Alors oui, il y a un lien plus ou moins indirect et tortueux, c'est passsé par le cinéma: si je lis Le Feu, c'est un mois et demi après avoir vu "Un Long Dimanche de Fiançailles" de JP Jeunet, que je recommande au passage à ceux qui ne l'ont pas encore vu. 
L'évocation dans ce film de l'humanité simple et touchante de ces pauvres gars, qui se sont retrouvés du jour en lendemain, jeune instituteur trouant l'ennemi au couteau de cuisine, paysan breton pourrissant sur la plaine, pères de famille massacrant d'autres pères de famille... l'évocation de cette monstruosité collective et industrielle qu'a été la première guerre mondiale m'a poussé à entrouvrir le rideau pudiquement posé au collège et au lycée, et à lire, à lire encore. Paroles de Poilus (chez Librio), Les croix de bois (R.Dorgelès), le gachis des généraux (P.Miquel), C'était la guerre des tranchées (Tardi)... et maintenant Le Feu (suivra Ceux ce 14 de Genevoix mais peut-être je vais lire du Boule et Bill avant, histoire de faire une pause, et avant d'aller faire un tour à Verdun dans l'hiver...). 

Henri Barbusse comme Dorgelès a été soldat pour de vrai avant d'écrire, leurs récits sont hallucinants, bien au delà de ce que je m'étais toujours imaginé sur "les horreurs de la guerre"... 

Et surtout, ce mouvement de curiosité que m'a déclenché ce film, c'est de relier à deux arrière-grand-pères qui ont "fait 14-18", et de se dire qu'un équarrissage comme celui-là doit, sans doute, laisser des traces, des blessures, bien longtemps après...


----------



## KIDBOOJIBOY (9 Décembre 2004)

quetzalk a dit:
			
		

> Et surtout, ce mouvement de curiosité que m'a déclenché ce film, c'est de relier à deux arrière-grand-pères qui ont "fait 14-18", et de se dire qu'un équarrissage comme celui-là doit, sans doute, laisser des traces, des blessures, bien longtemps après...

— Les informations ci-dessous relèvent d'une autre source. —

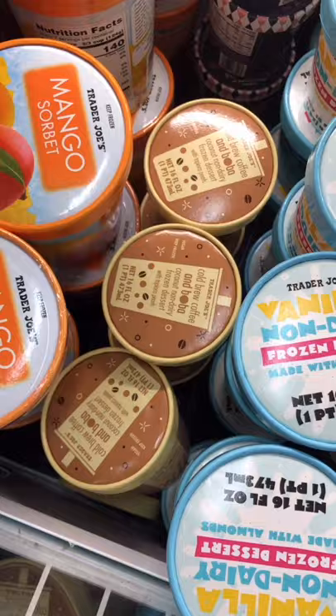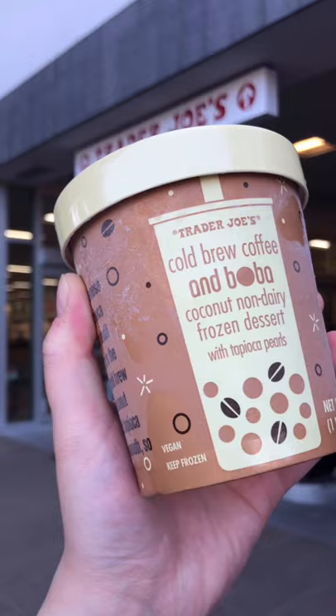Look what I finally got at Trader Joe's! I've literally been calling them every single morning for two weeks, asking if they had the new boba ice cream, and today they finally did!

C'est vrai là y a pas de quoi rire...
Je suis né à Nancy, et pour ce qui est des traces autres que psychologiques, lorsque j'étais enfant un ami un peu plus agé que moi et qui collectionnait les grenades et autres obus trouvés dans les bois, est mort un mercredi aprés midi en voulant en scier une pour voir ce qu'il y avait dedans (je suppose)...
mais je n'étais pas là ce jour là...
les traces psychologiques des derniéres guerres et des autres...je pense fondent une grande partie
de l'esprit humain mais le fige aussi dans cette fatalité (c'est comme ça mon p'tit gars, une bonne guerre et tu penseras moins à tes problémes, nom de dieu de nom d'une pipe).
La plupart des progrets humains sont dus à la guerre, comme si tuer son voisin faisait naitre la
conscience (alors que ça procure simplement un calme relatif)
Ces traces mon pére en avait beaucoup, lorsqu'on subit certaines choses (la guerre, les amis déchiquetés juste à côté de soi...) impossible de regarder les autres comme avant...
Un livre et sortit il y a quelques mois ou plus sur les gueules cassées de la 1ére guerre  :casse: 
il n'y a pas besoin de texte...


----------



## Pitch/fork/work (9 Décembre 2004)

KIDBOOJIBOY a dit:
			
		

> C'est vrai là y a pas de quoi rire...
> Je suis né à Nancy, et pour ce qui est des traces autres que psychologiques, lorsque j'étais enfant un ami un peu plus agé que moi et qui collectionnait les grenades et autres obus trouvés dans les bois, est mort un mercredi aprés midi en voulant en scier une pour voir ce qu'il y avait dedans (je suppose)...
> mais je n'étais pas là ce jour là...
> les traces psychologiques des derniéres guerres et des autres...je pense fondent une grande partie
> ...



Désolé pour ton ami Kid 

Ce que tu racontes me fait penser à une brève lu sur Darwin Awards d'un croate qui avait essayé de découper une grenade avec une tronçonneuse pour récupérer la poudre

Un vrai massacre à la tronçonneuse


----------



## KIDBOOJIBOY (9 Décembre 2004)

Pitchfork a dit:
			
		

> Désolé pour ton ami Kid
> 
> Ce que tu racontes me fait penser à une brève lu sur Darwin Awards d'un croate qui avait essayé de découper une grenade avec une tronçonneuse pour récupérer la poudre



Pour fabriquer une grenade !  :rateau:


----------



## LeConcombreMaske (9 Décembre 2004)

quetzalk a dit:
			
		

> ...du coup j'ai zappé de répondre au Concombre, qu'il ne s'en offusque pas...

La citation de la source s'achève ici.